What I mean is, if I have 2 input strings:

1. '2013-10-05T01:21:07Z'
2. '2013-10-05T01:21:16Z'

how can I can calculate the difference in time and print it as output.

I know it sounds a bit silly but any help on this is appreciated.

Answer 1

Parsing your strings using strptime():

a = time.strptime('2013-10-05T01:21:07Z', '%Y-%m-%dT%H:%M:%SZ')
b = time.strptime('2013-10-05T01:21:16Z', '%Y-%m-%dT%H:%M:%SZ')

This will parse the given time strings as local times (setting daylight savings (DST) to automatic), and the results are time structs. These still reflect whether DST was explicitly off (0), on (1), or implicitly automatic (-1). Convert these to a float (seconds since 1970-01-01):

a = time.mktime(a)
b = time.mktime(b)

Then compute the difference (in seconds):

d = b - a

And convert them to days/hours/minutes/seconds:

days = int(d) / 86400
hours = int(d) / 3600 % 24
minutes = int(d) / 60 % 60
seconds = int(d) % 60

The last block only works properly for positive differences, so be careful not to swap the a and b ;-)

But @J.F.Sebastian correctly pointed out that this might not be what you intended. It seems from the notation that your strings describe a UTC time, not a local time. For mere time differences this is relevant in case your time spans over a DST switch. In this case it would of course result in a time difference one hour too great or one hour too small (because UTC is always without DST).

To avoid this, you can set the DST flag from automatic (-1) to a fixed value (e. g. 0 for off) and use these values:

a = time.mktime(a[:-1] + (0,))  # switch DST to off
b = time.mktime(b[:-1] + (0,))

Or, also as @J.F.Sebastian pointed out, you could forget about the time module and instead use datetime.datetime which is unaware of the DST aspect:

a = datetime.datetime.strptime('2013-10-05T01:21:07Z', '%Y-%m-%dT%H:%M:%SZ')
b = datetime.datetime.strptime('2013-10-05T01:21:16Z', '%Y-%m-%dT%H:%M:%SZ')

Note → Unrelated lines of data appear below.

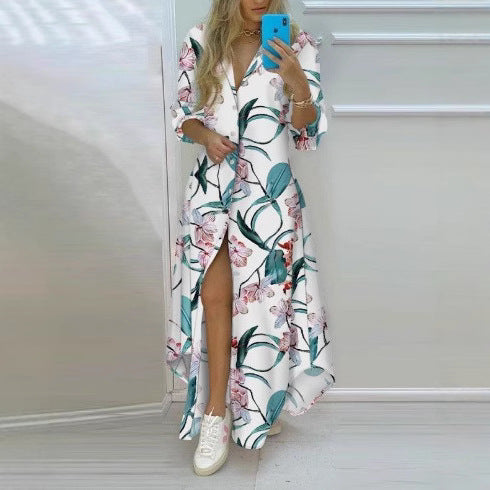 Damen Kimono-Robe mit Printdesign EB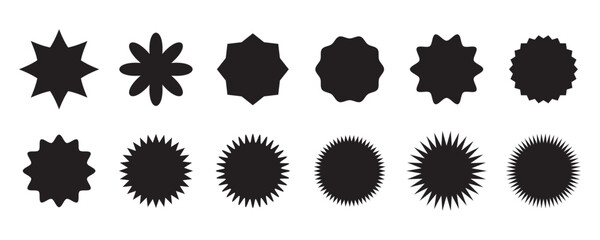 Sticker star burst, promo badge round shape, price tag circle, sale label icon, black sun, new discount set isolated on white background. Advertising vector illustration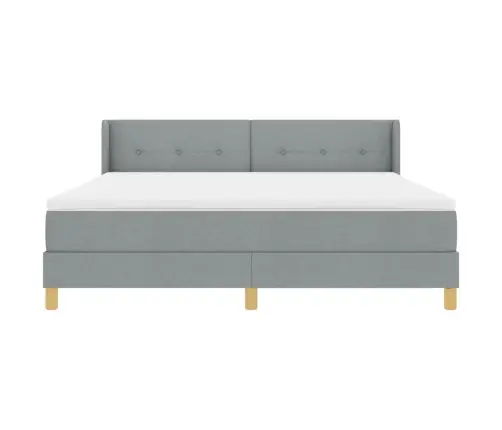 Gulta Ar Atsperēm Ar Matraci Gaiši Pelēka 180 X 200 Cm Audums Vidaxl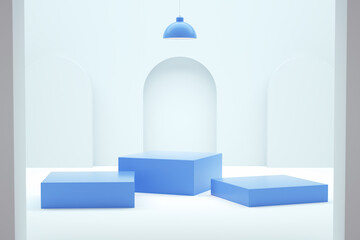 Three blue square podiums on a neutral background for a product display in 3D rendering. Realistic pedestal, empty platform for ads and presentations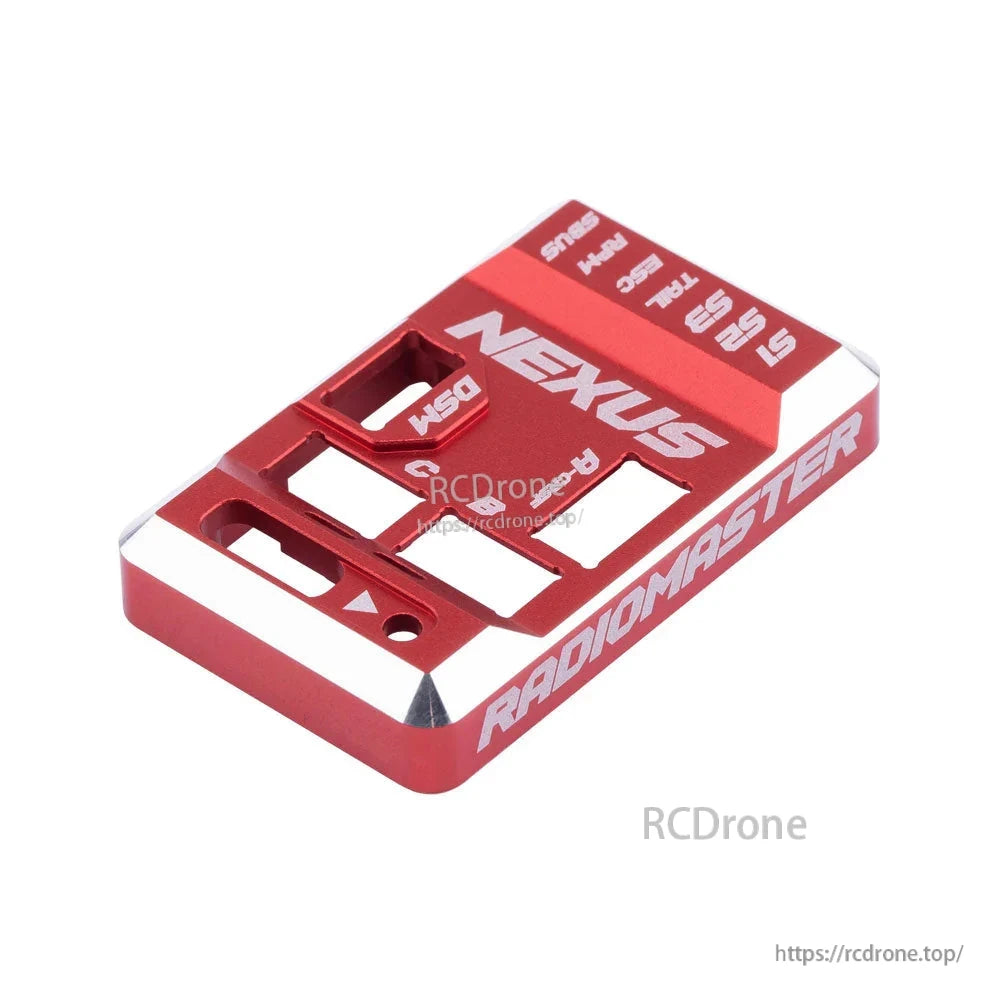 Angled view of red aluminum Nexus case showing machined edges and Radiomaster side engraving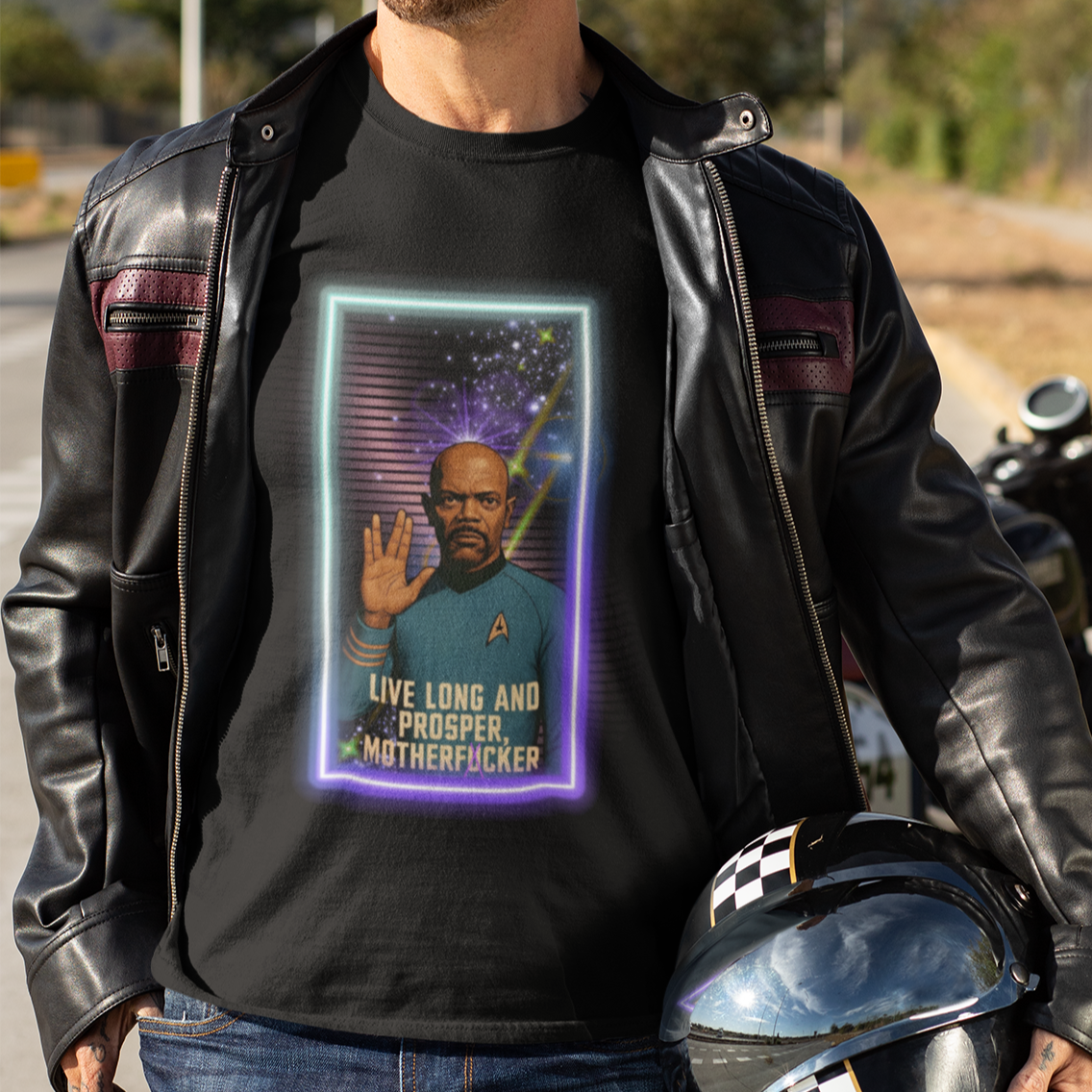 Live Long and Prosper, Mother F*cker” Tee – Sci-Fi Space Parody T-Shirt
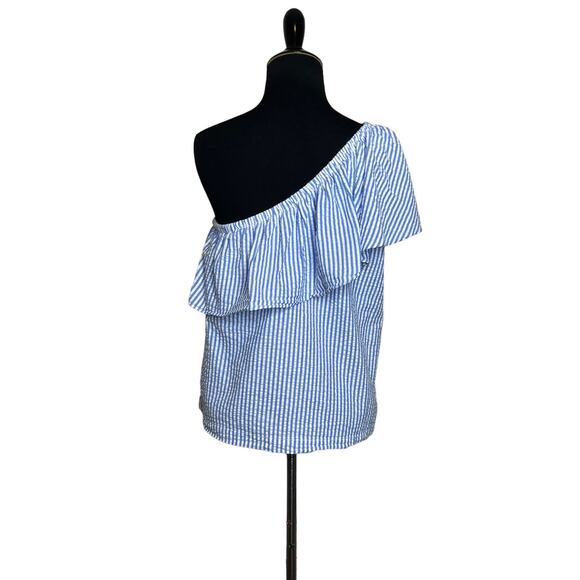 Vineyard Vines blue white stripes one shoulder ruffled top size 4 - Picture 2 of 13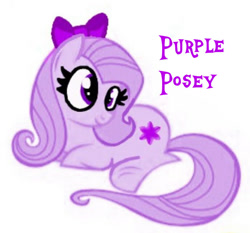 Size: 720x672 | Tagged: safe, artist:lauren faust, derpibooru import, edit, editor:pagiepoppie12345, oc, oc:purple posey, earth pony, pony, bow, hair bow, lying down, needs more jpeg, prone, recolor, simple background, smiling, solo, the power-up ponies, white background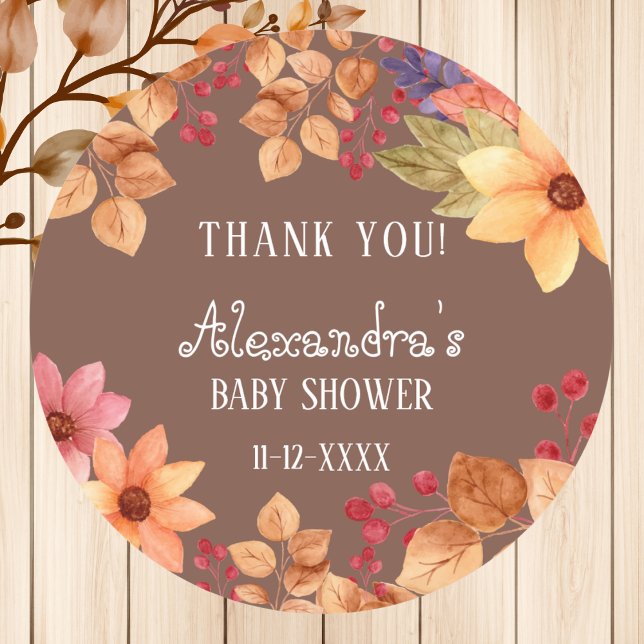 Adesivo Chá de fraldas de outono russo de outono Obrigado (Criador carregado)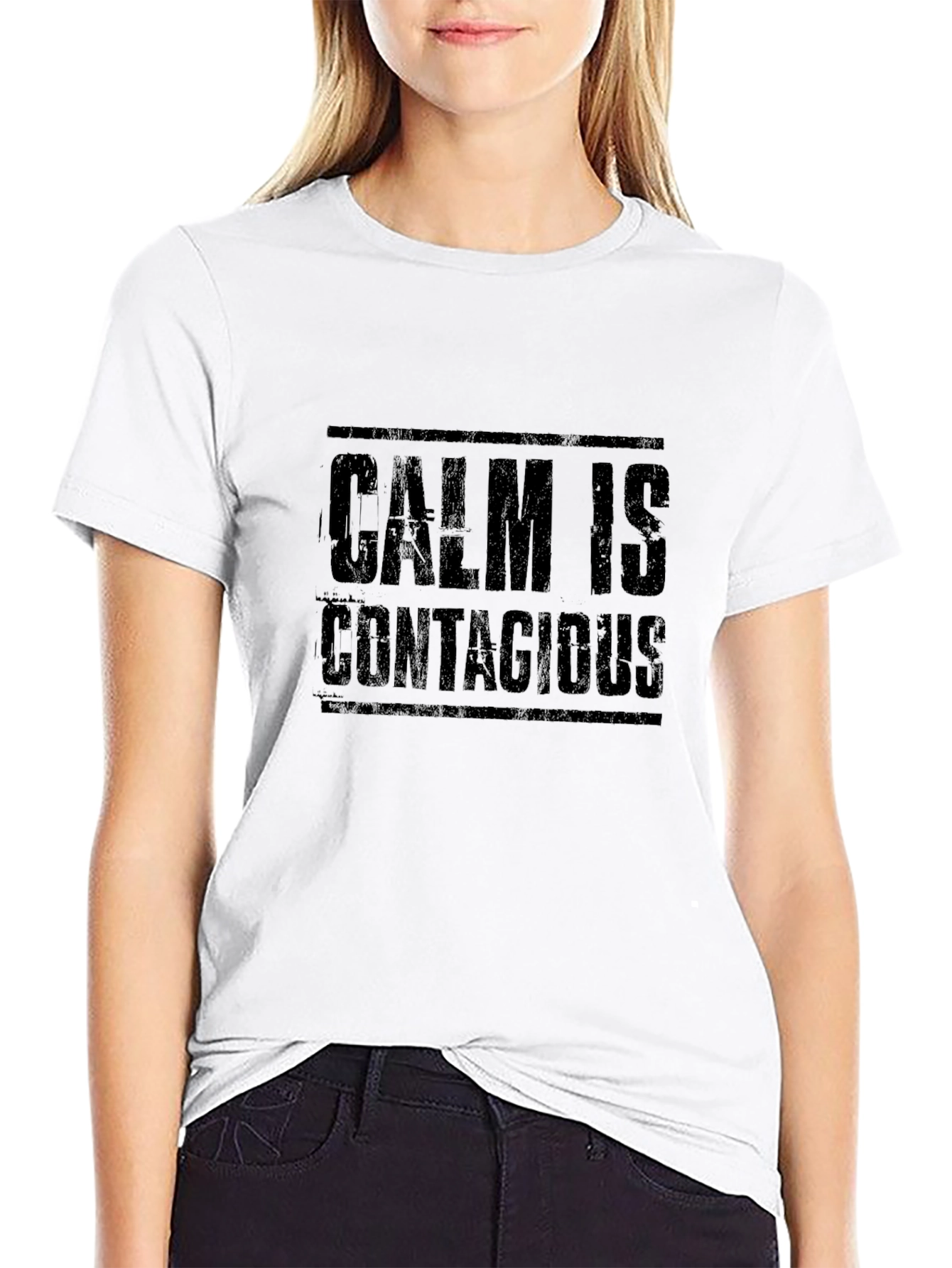 Black Calm is Contagious Black T-Shirt view 9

Then the results are datetime objects which can be subtracted directly to get a timedelta object which represents such a time difference as you want it. Printing it will result in sth like 0:00:05 which might well be exactly what you are looking for.

Answer 2

You seem to be using an ISO 8601 formatted dateTime. This format is used in many places, including the GPS eXchange Format.

[-]CCYY-MM-DDThh:mm:ss[Z|(+|-)hh:mm]

Using datetime:

import datetime
a = datetime.datetime.strptime("2013-10-05T01:21:07Z", "%Y-%m-%dT%H:%M:%SZ")
b = datetime.datetime.strptime("2013-10-05T01:21:16Z", "%Y-%m-%dT%H:%M:%SZ")
c = b - a
print(c)

Advantages:

• Built-in to Python Standard Library
• Object-oriented interface

Disadvantages:

• Need to manually handle other valid ISO 8601 representations such as '2013-10-05T01:21:16+00:00'
• Throws exception for leap seconds such as '2012-06-30T23:59:60Z'

Using python-dateutil:

import dateutil.parser
a = dateutil.parser.parse("2013-10-05T01:21:07Z")
b = dateutil.parser.parse("2013-10-05T01:21:16Z")
c = b - a
print(c)

Advantages:

• Automagically handles pretty much any time format

Disadvantages:

• Needs python-dateutil library (pip install python-dateutil)
• Throws exception for leap seconds such as '2012-06-30T23:59:60Z'

Using time.strptime and time.mktime as suggested by Alfe

Advantages:

• Built-in to Python Standard Library
• Can parse leap seconds such as '2012-06-30T23:59:60Z'

Disadvantages:

• Need to manually handle other valid ISO 8601 representations such as '2013-10-05T01:21:16+00:00'
• Loss of one leap second between '2012-06-30T23:59:60Z' and '2012-07-01T00:00:00Z' (unavoidable without knowing when leap seconds will next occur)